# 2009 POTY



## ChilDawg (Apr 30, 2006)

Big thanks to Alex (Aquatic-Sanctuary) for sponsoring the POTMs for another year. Congrats to the folks who took these 12 pictures, and good luck!


----------



## RedneckR0nin (Nov 5, 2008)

Voted


----------



## Winkyee (Feb 17, 2003)

This was a seriously difficult choice..
All incredible shots.
Congrats to all.


----------



## THE BLACK PIRANHA (Dec 8, 2003)

VOTED


----------



## ju5tin95 (Nov 25, 2008)

voted


----------



## Blue Flame (Jan 16, 2006)

Voted


----------



## psychofish (Jun 5, 2004)

voted


----------



## FEEFA (Nov 19, 2007)

Voted! Good luck everyone


----------



## Johnny_Zanni (Nov 8, 2009)

voted


----------



## His Majesty (Apr 5, 2005)

Voted.
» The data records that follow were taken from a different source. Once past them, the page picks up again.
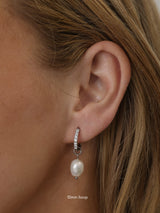 Waterproof pavé hoop earrings with natural freshwater pearl drops. Available in 10mm, 12mm, and 14mm. Tarnish‑resistant, elegant, and perfect for everyday wear.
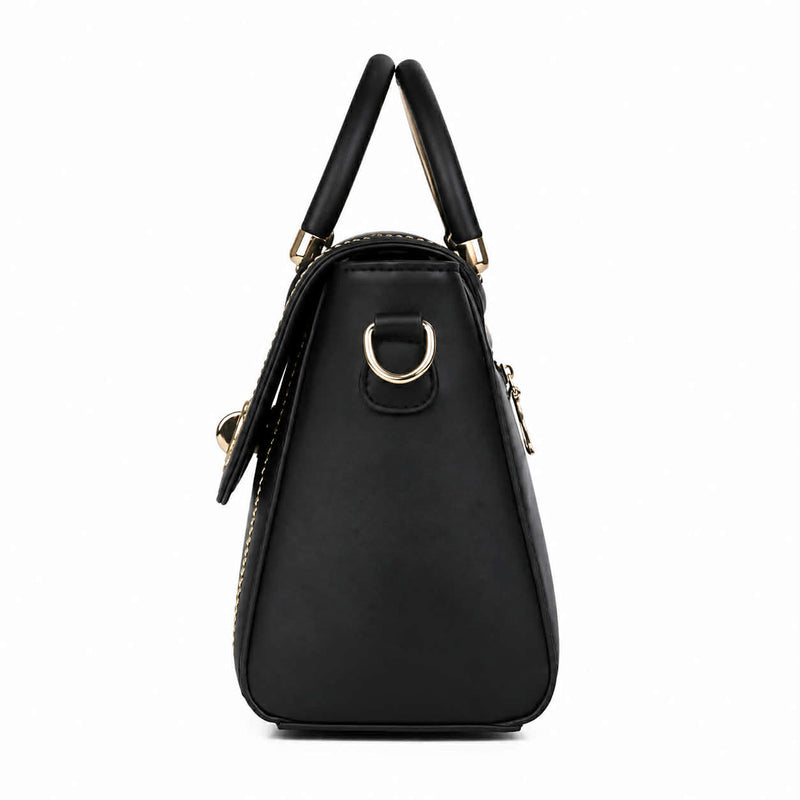 Side profile of black structured crossbody handbag showing its compact shape and metal hardware.
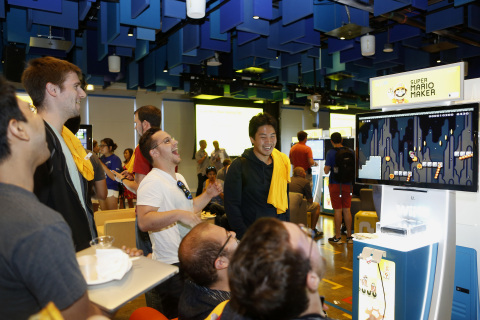 In this photo provided by Nintendo of America, Facebook employees play a level developed during a "hackathon" event for the Super Mario Maker game hosted by Nintendo at Facebook HQ in Menlo Park on Tuesday, July 28, 2015. The winning level will be available for Super Mario Maker owners to download and play shortly after the game's launch on the 11th of September. (Photo by Alison Yin/Invision for Nintendo/Facebook/AP Images)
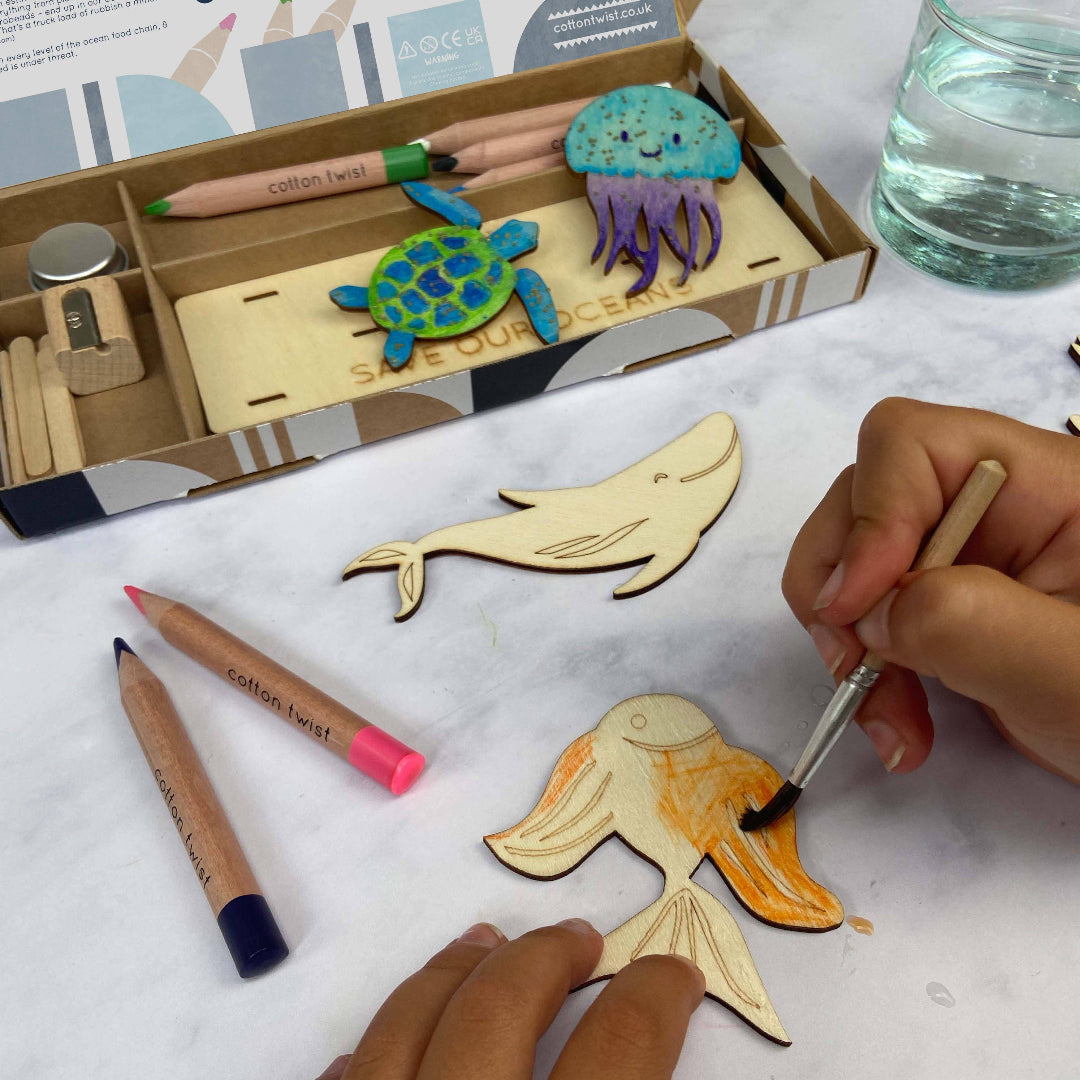 Person painting wooden animal shapes with markers and a paintbrush on a white surface.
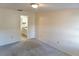 Neutral bedroom with carpeted floors and a view into the en suite bathroom at 925 Fenton Ln # 18, Lakeland, FL 33809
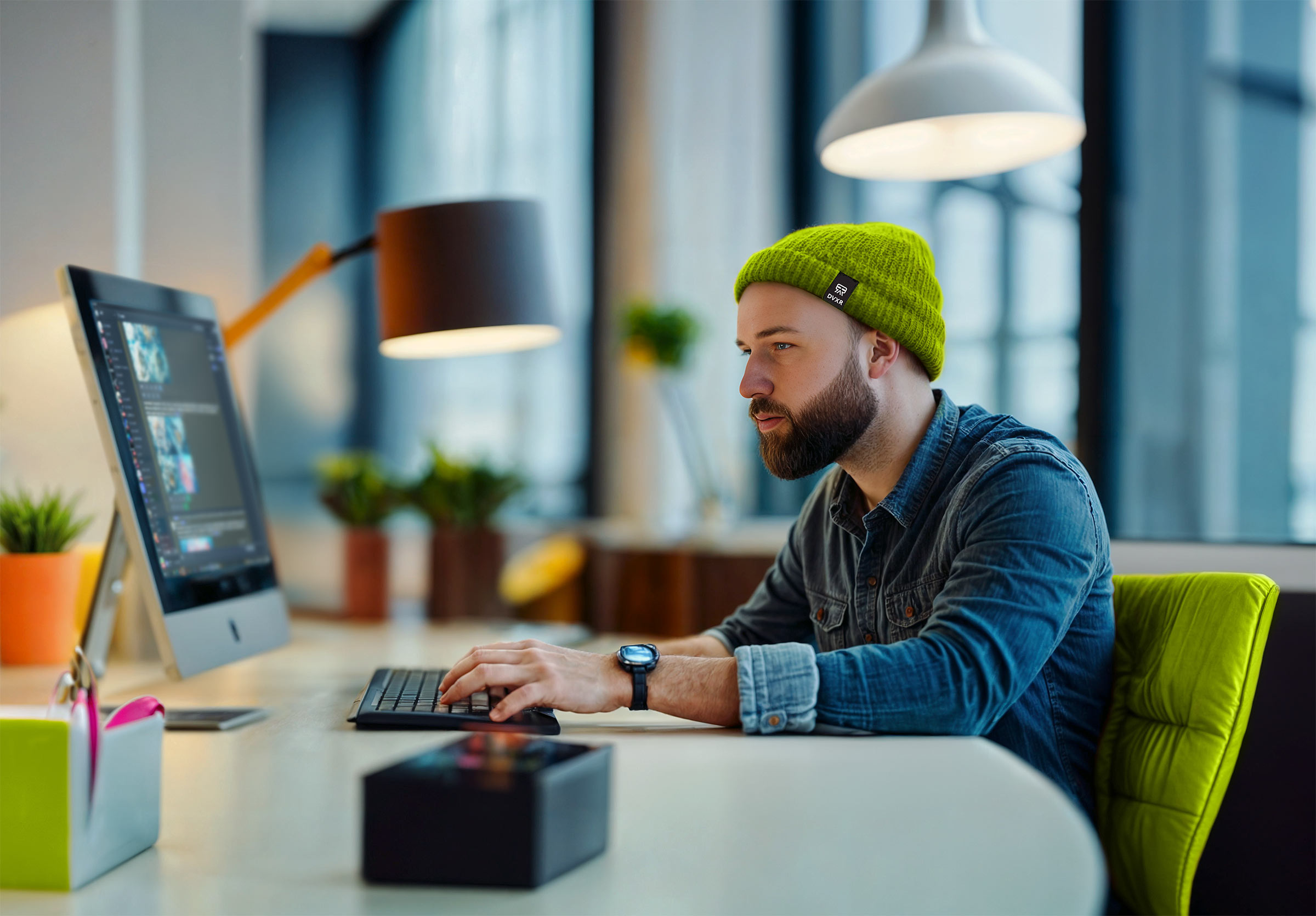 A young man in a green beanie working on a computer in a modern office.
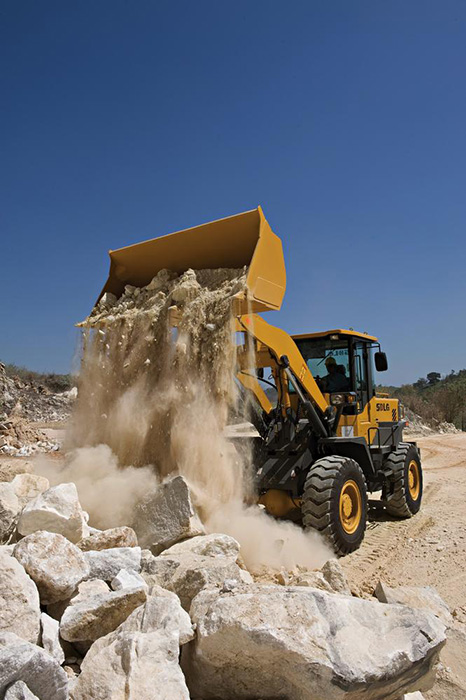 Cargadora SDLG, en funcionamiento descargando piedras al fondo unos arboles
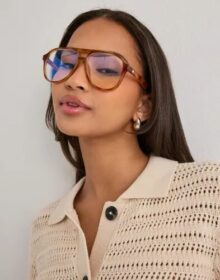 Le Specs Ruskea – Tragic Magic blue Light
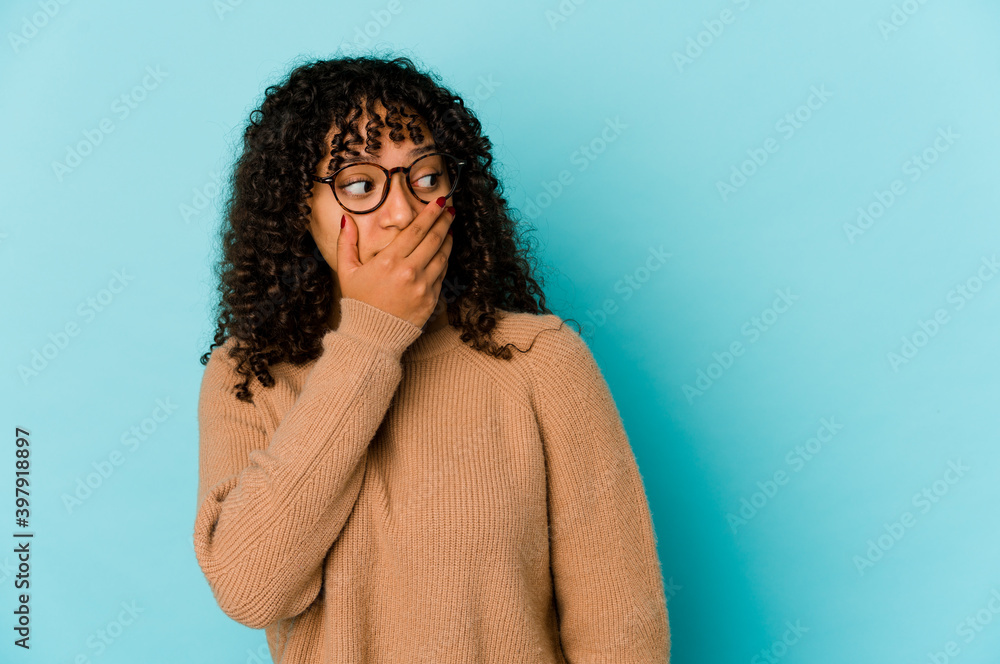 Young african american afro woman isolated thoughtful looking to a copy space covering mouth with hand. Young african american afro woman isolated thoughtful looking to a copy space covering mouth with hand.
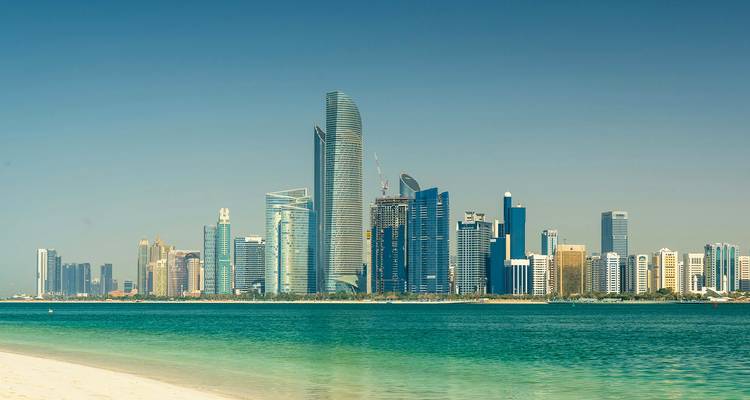 Modern skyline of glass skyscrapers rising behind turquoise Gulf waters and white sand beach.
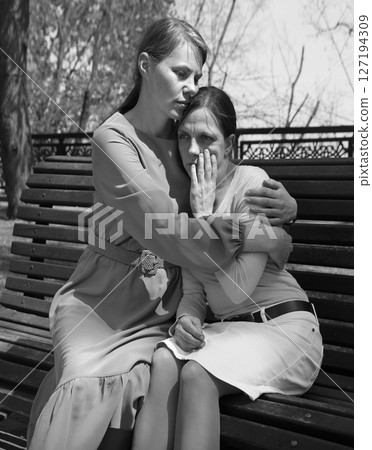 Two girls comfort one another Two girls comfort one another 127194309
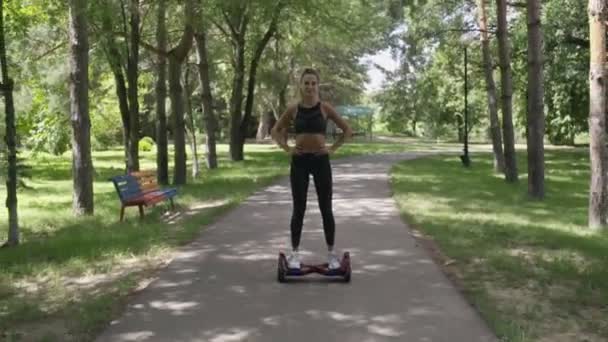 Belle fille avec corps athlétique sur hoverboard marche dans le parc — Video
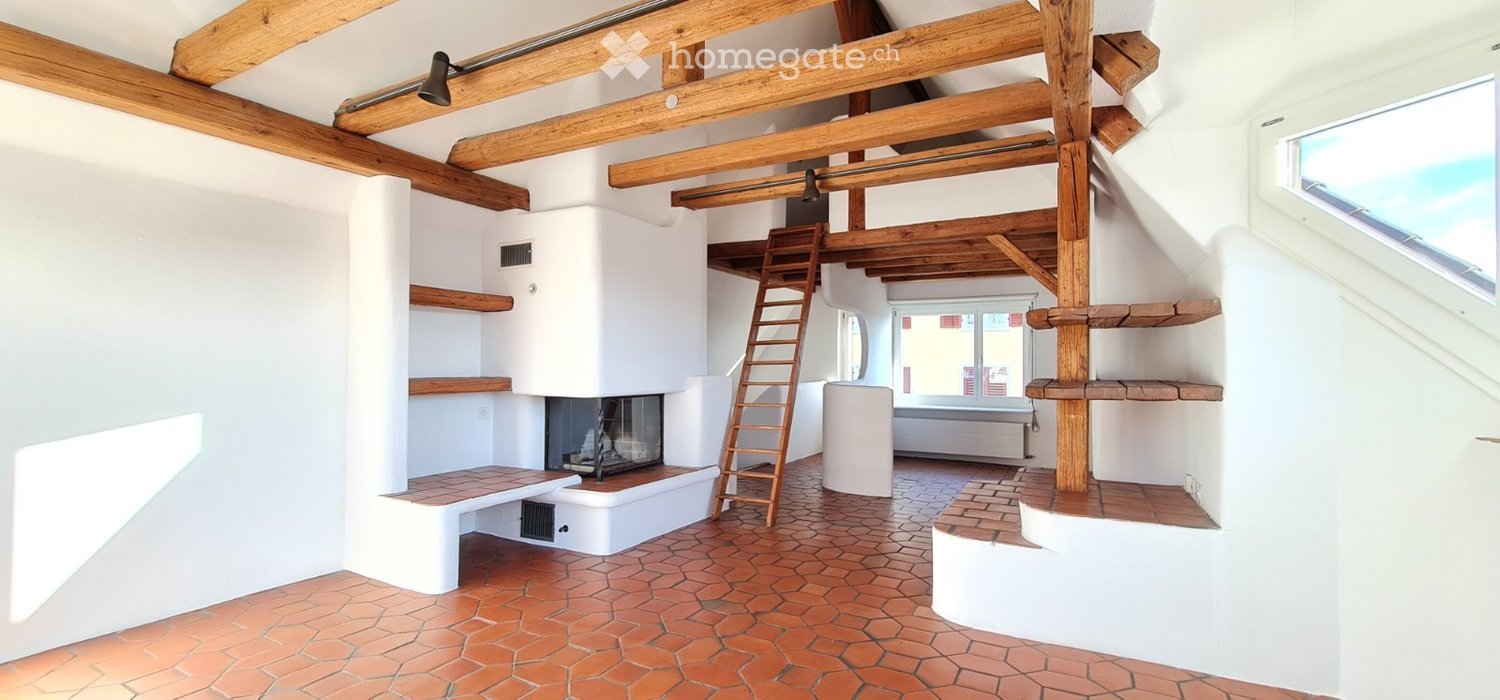 Living room with exposed wooden beams, brick floor, fireplace, built-in benches, and wooden shelves.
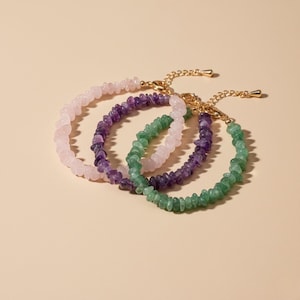 Può includere: Tre braccialetti con pietre preziose rosa, viola e verdi. Ogni braccialetto presenta piccole pietre di forma irregolare infilate insieme. I braccialetti hanno catene e chiusure color oro. Lo sfondo è di colore beige chiaro.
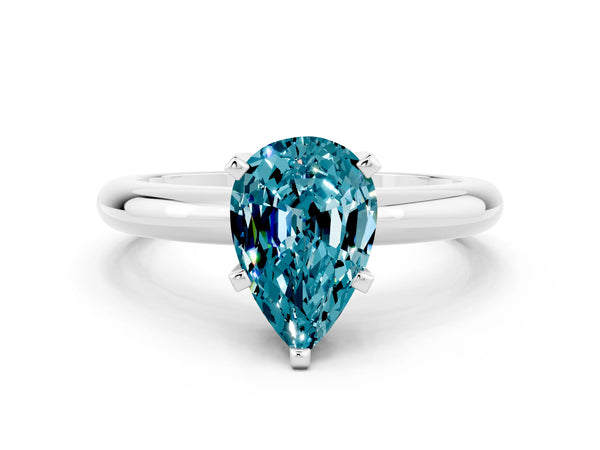 White gold Pear Cut Blue Topaz Solitaire Engagement Ring with Round Band and Four-Prong Setting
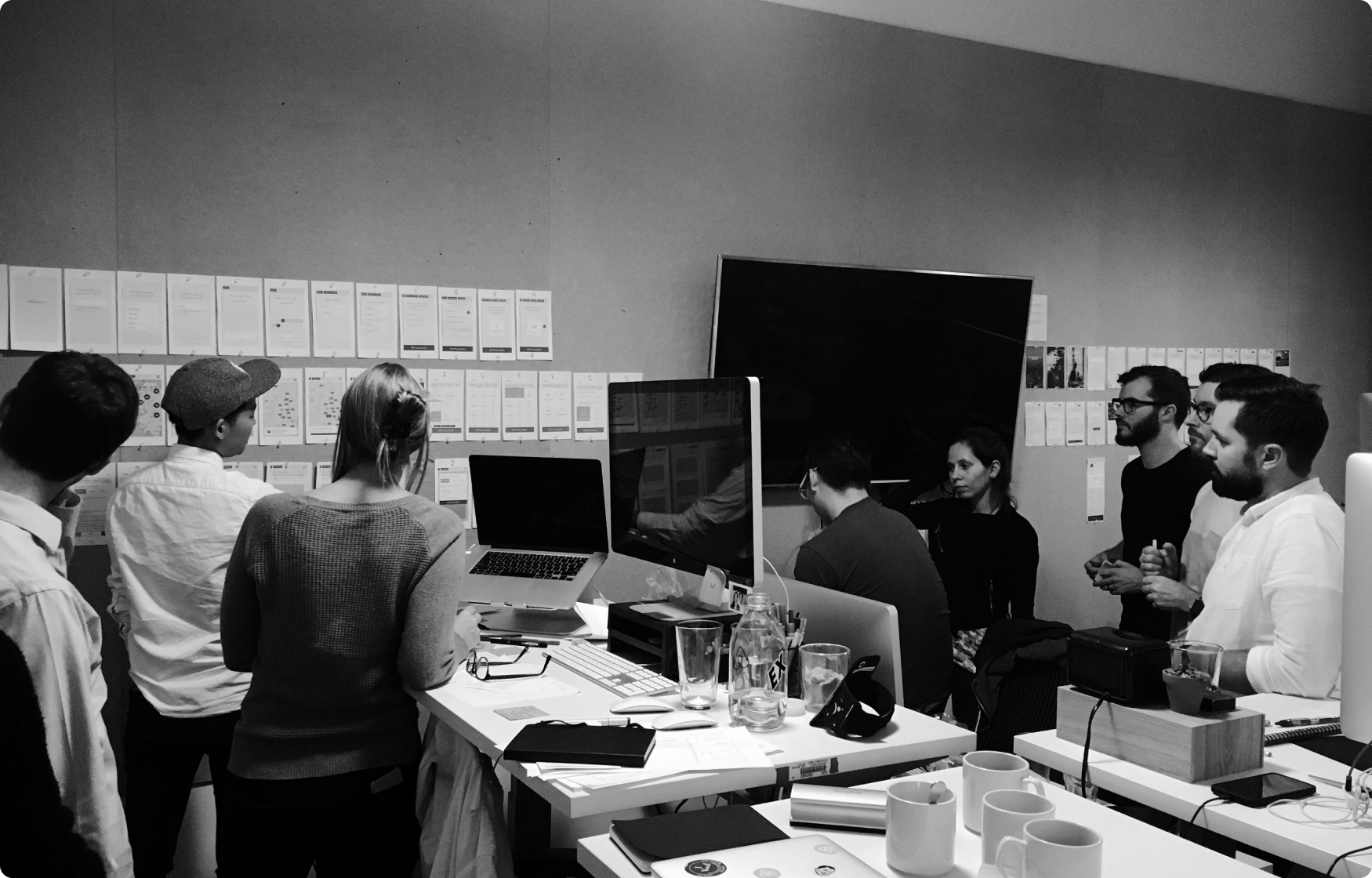 Katie Chen presenting to a team in a design studio. The team is gathered around a workspace with computers and notebooks, attentively looking at a wall covered with design mockups and notes. Katie, wearing a cap, is pointing at the wall while others listen and discuss. The environment is collaborative and focused, with a modern office setup.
Good luck everyone.


----------



## Steelrain (Apr 22, 2006)

voted

Voted, Good Luck


----------



## Soul Assassin (Nov 21, 2006)

That was a difficult decision, congrats to all contestants for great pics


----------



## bigshawn (Dec 29, 2005)

Voted!!!!!!, Piraya............


----------



## ChilDawg (Apr 30, 2006)

Bump.


----------



## Us And Them (Dec 4, 2008)

Is their any Rules against Photoshop ? if You Look at octobers Winner , the Picture looks altered , like the Backround was Darkened
I can notice the different shades of Black in weird spiratic Patterns when I move my Laptop Screen.


----------



## Trigga (Jul 1, 2006)

wow tough choice...lots of great pics congrats to all of you guys who are better photographers than i will ever be


----------



## jmax611 (Aug 6, 2006)

you got the member wrong on jan and feb :rasp:


----------



## TheCableGuy (Feb 22, 2005)

Voted!!!
Great pics!! Good luck to all!!


----------



## Piranha_man (Jan 29, 2005)

Voted.

Steelrain... your avatar is insane!
I actually sat straight up in my chair and had to stare at it before I realized what it was!


----------



## Armand_caribe (Sep 9, 2009)

Voted!!!.







All outstanding shots however I think the one of september with the two pirayas is close to perfect without any doubt.

Cheers.


----------



## Sheppard (Jul 8, 2004)

Voted.

Great shots, there is one I think is incredible but it hasn't gotten that many votes


----------



## ChilDawg (Apr 30, 2006)

Bump!


----------



## ChilDawg (Apr 30, 2006)

Bump!


----------



## Nick G (Jul 15, 2007)

VOTED. wow what a tough decision.


----------